FAQ

Why do I need TabularTransformer?¶

TabularTransformer provides a convenient deep learning framework specifically designed for tabular data domain. For deep learning practitioners, it’s easy to get started with. In contrast, tree-based models use different methodologies that may not be as familiar. Additionally, TabularTransformer can offer competitive performance for large-scale tabular data.

Can the TabularTransformer outperform XGBoost or LightGBM?¶

It depends on the dataset size and complexity. For datasets with fewer than 50,000 samples, tree-based models like XGBoost or LightGBM often perform better. However, when working with millions of samples, the TabularTransformer can potentially outperform them.

The key to unlocking the full potential of the TabularTransformer lies in the quality and size of dataset. It's crucial to invest time—about 90%—into curating the data and deeply understanding the domain problem.
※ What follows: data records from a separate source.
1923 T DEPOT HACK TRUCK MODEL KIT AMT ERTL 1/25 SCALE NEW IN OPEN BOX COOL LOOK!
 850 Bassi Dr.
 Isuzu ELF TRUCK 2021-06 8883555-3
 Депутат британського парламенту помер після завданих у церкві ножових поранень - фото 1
Ensuring diversity in the tabular features and maintaining high data quality are essential, as hyperparameter optimization alone offers limited improvements in performance.

Would the TabularTransformer help me win a Kaggle competition?¶

It can certainly help, but winning a competition often involves some luck. To earn a medal, it's usually important to ensemble different models, rather than relying on a single one. A deep understanding of the competition task and data is critical, sometimes a good model alone isn't enough to secure a win.